■ DATA TO USE
○ ○ ○ ○ ○ ○ ○

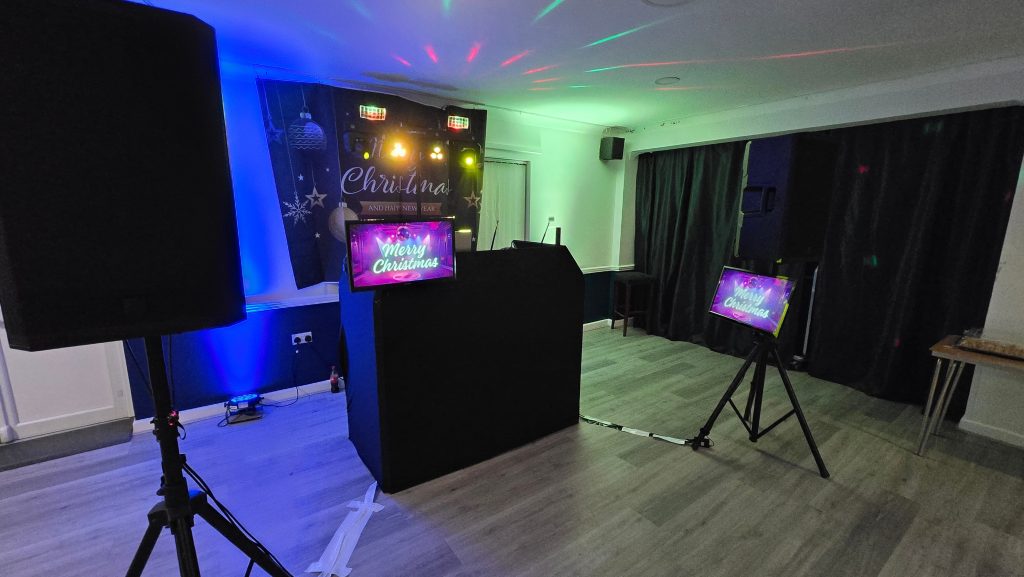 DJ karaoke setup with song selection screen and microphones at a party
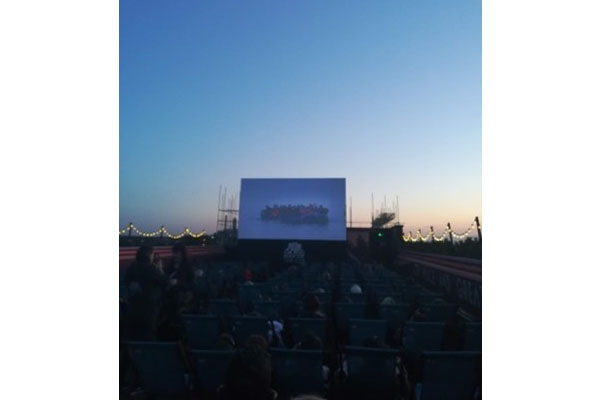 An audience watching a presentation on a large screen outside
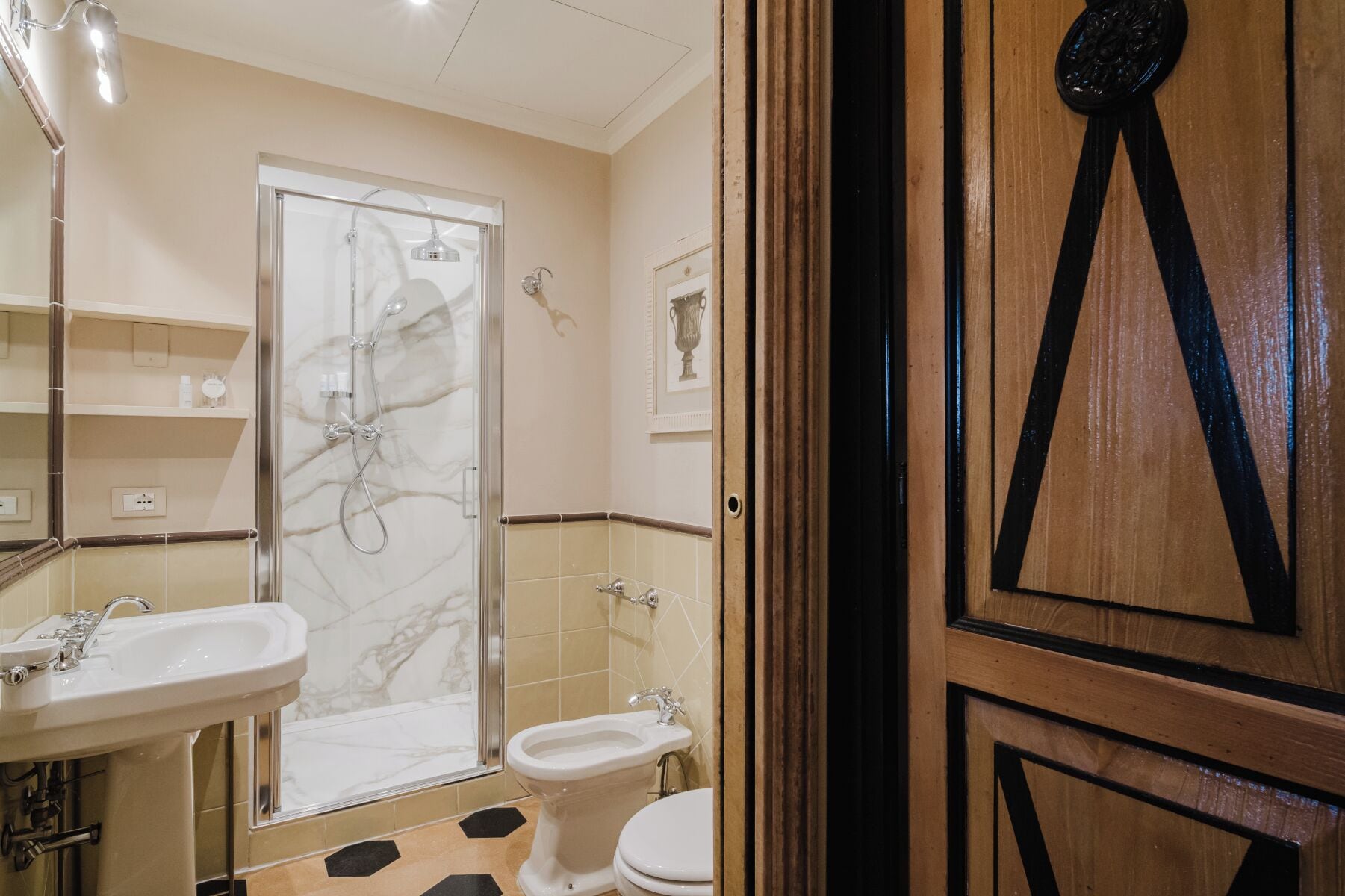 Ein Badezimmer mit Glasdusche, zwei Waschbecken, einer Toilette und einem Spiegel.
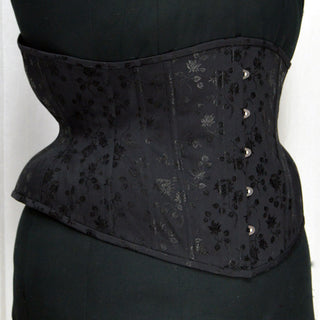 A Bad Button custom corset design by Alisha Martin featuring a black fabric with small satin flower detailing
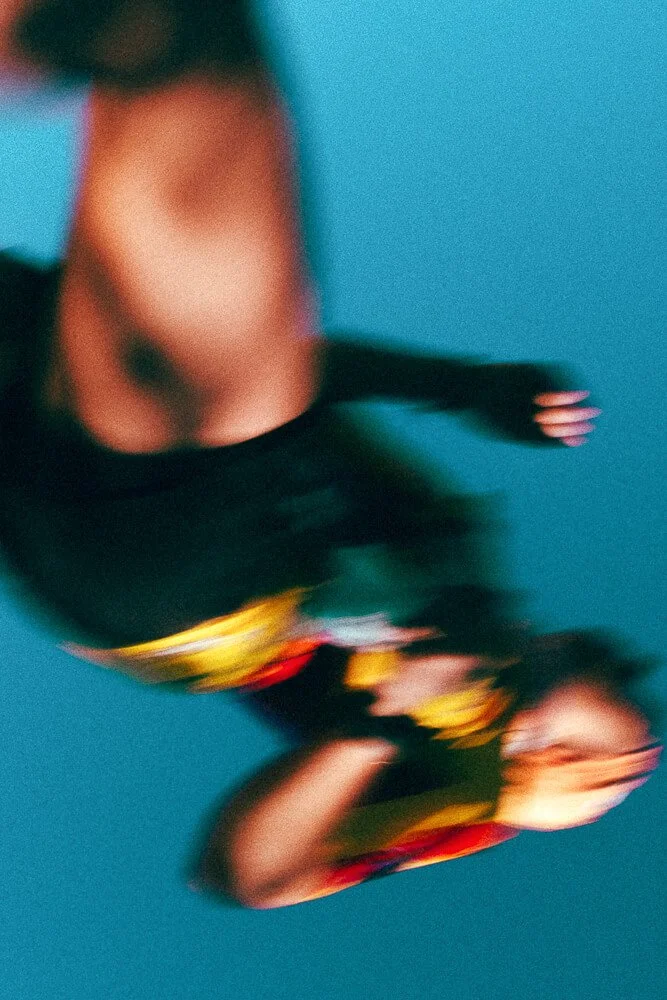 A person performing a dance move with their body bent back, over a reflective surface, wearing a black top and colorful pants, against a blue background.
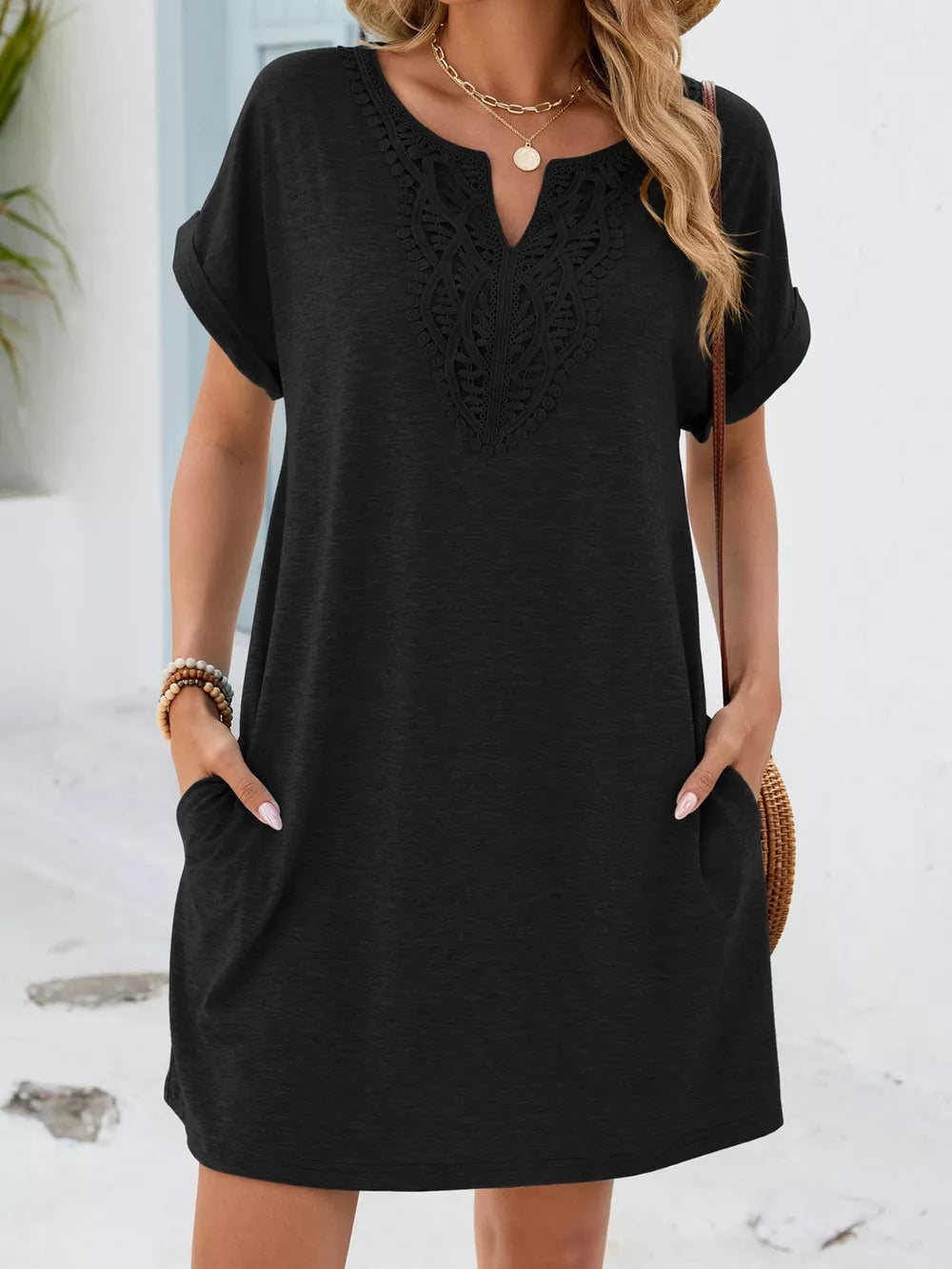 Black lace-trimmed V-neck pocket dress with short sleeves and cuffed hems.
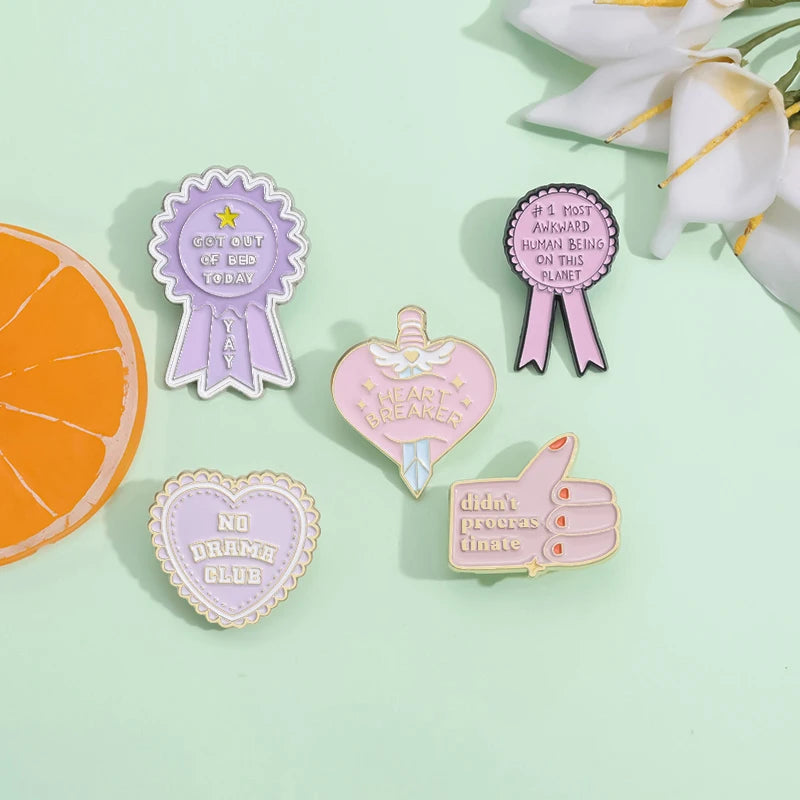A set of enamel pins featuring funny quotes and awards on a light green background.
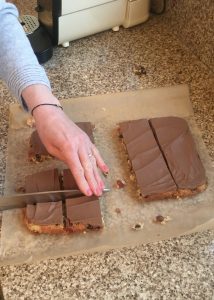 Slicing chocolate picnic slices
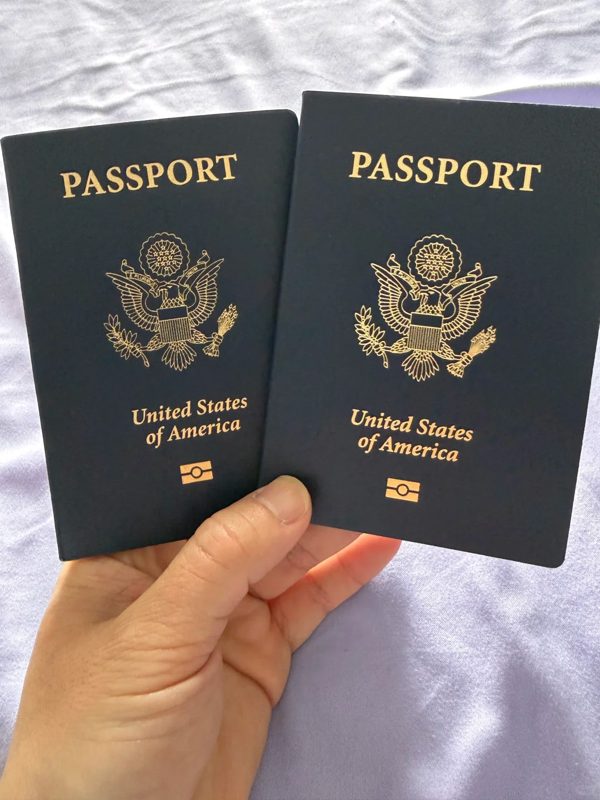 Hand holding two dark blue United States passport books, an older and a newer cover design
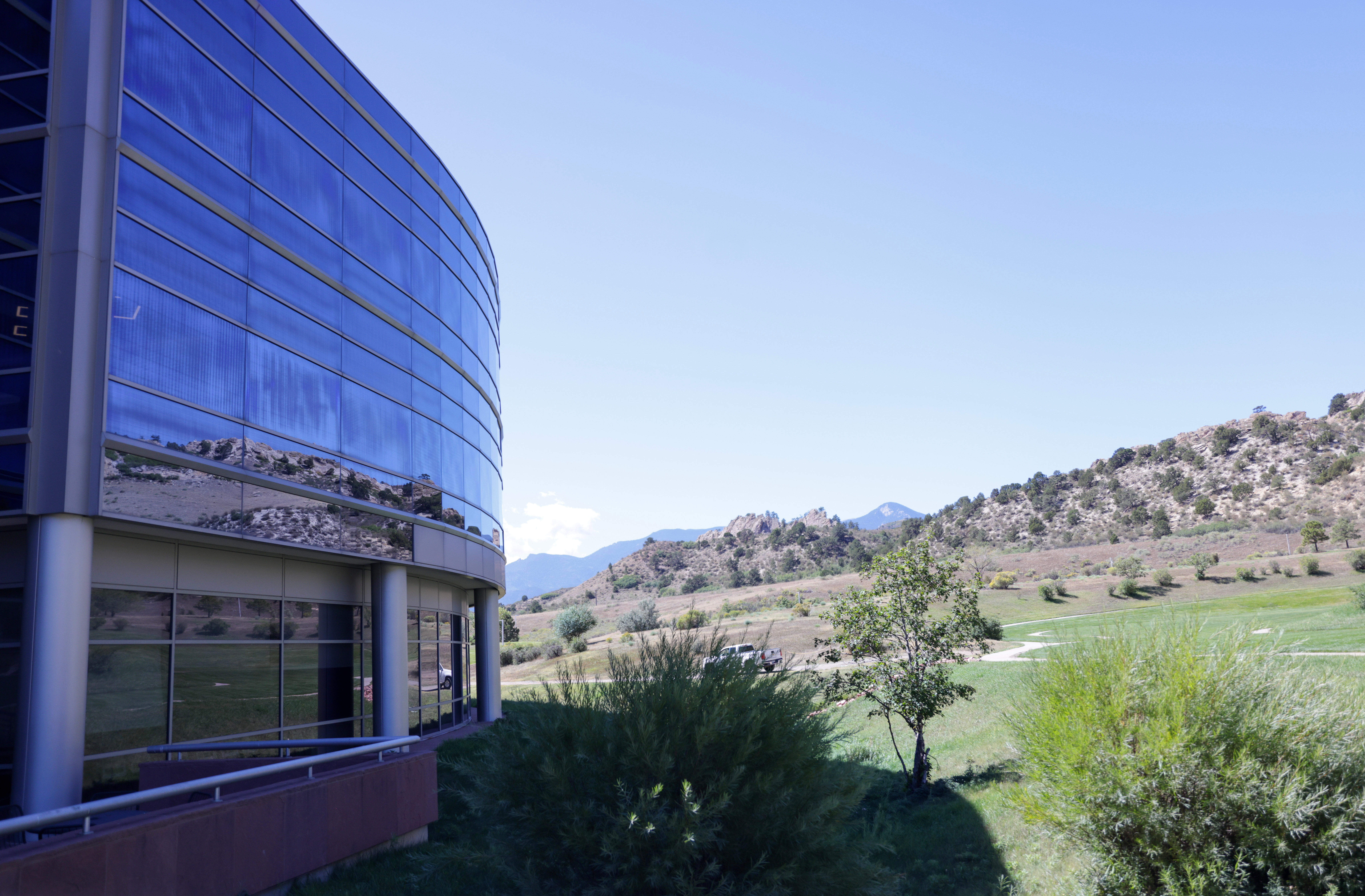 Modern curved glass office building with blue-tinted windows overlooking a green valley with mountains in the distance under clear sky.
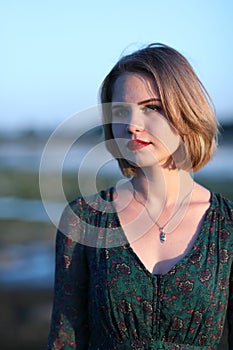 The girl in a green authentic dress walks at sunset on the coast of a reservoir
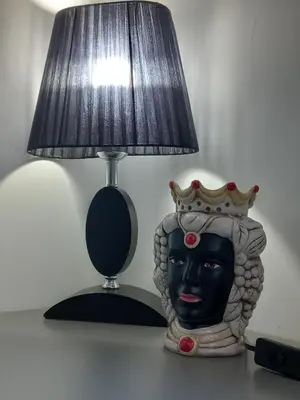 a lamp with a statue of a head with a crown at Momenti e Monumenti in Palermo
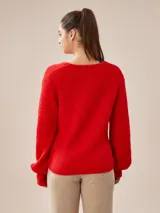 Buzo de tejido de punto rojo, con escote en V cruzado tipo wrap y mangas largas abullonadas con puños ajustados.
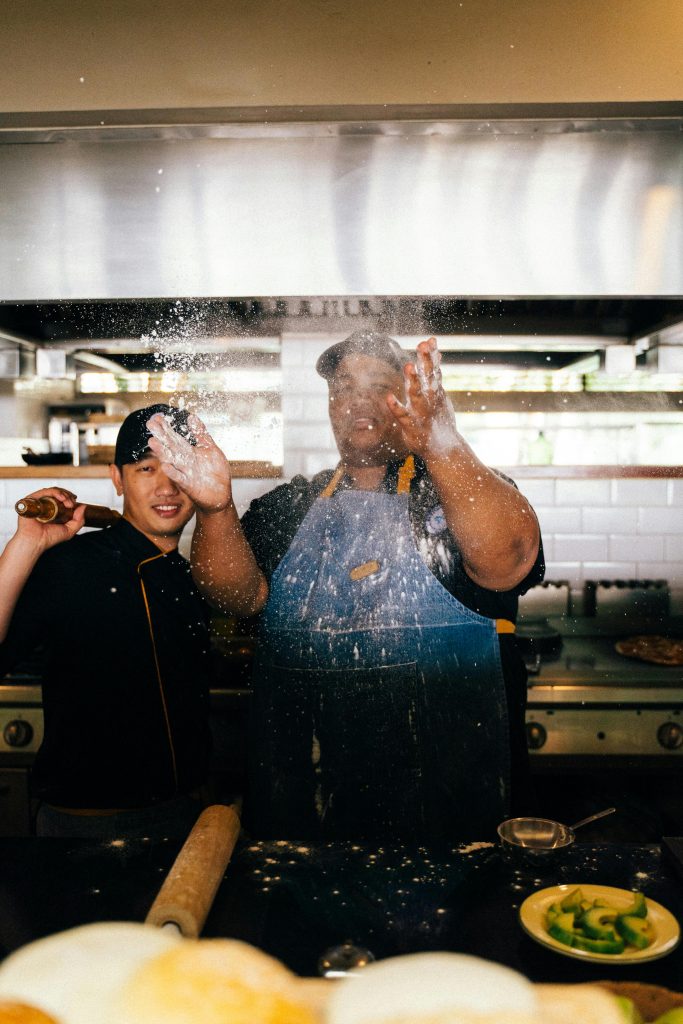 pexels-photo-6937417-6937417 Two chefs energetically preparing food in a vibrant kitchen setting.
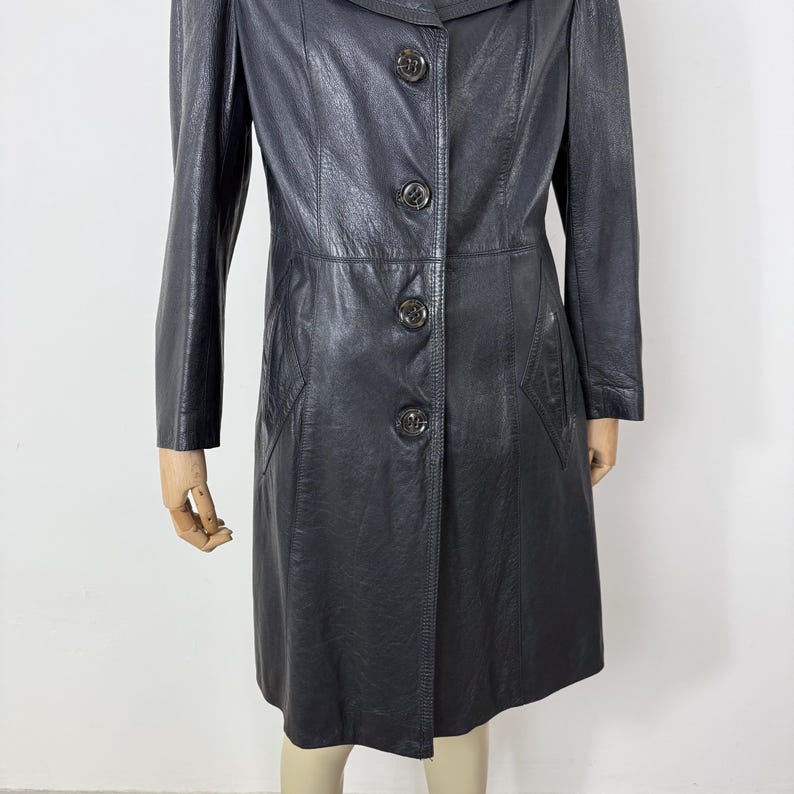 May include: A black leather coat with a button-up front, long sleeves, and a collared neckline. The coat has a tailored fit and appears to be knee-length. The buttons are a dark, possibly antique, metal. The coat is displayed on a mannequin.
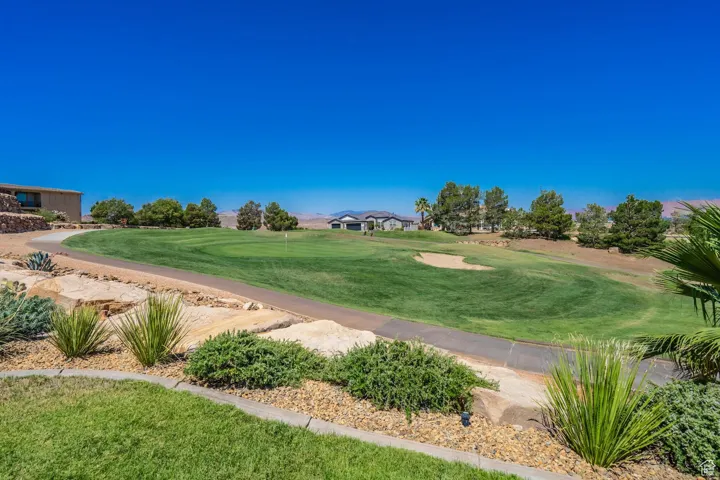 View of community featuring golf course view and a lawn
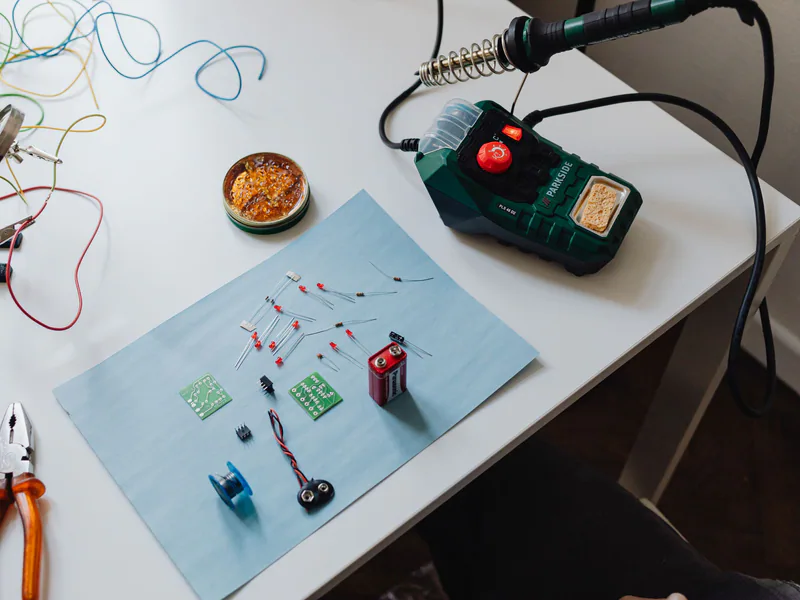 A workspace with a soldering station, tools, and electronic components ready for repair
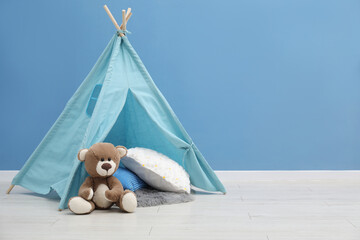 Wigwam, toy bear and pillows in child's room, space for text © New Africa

○ ○ ○ ○ ○ ○ ○

Print, exactly, each line above from the one with "Buzo de tejido" to the one with "pexels-photo-6937417-6937417 Two chefs", end lines included. Leave pictures out of it.

■ ANSWER TO THIS TASK
 Buzo de tejido de punto rojo, con escote en V cruzado tipo wrap y mangas largas abullonadas con puños ajustados.
 pexels-photo-6937417-6937417 Two chefs energetically preparing food in a vibrant kitchen setting.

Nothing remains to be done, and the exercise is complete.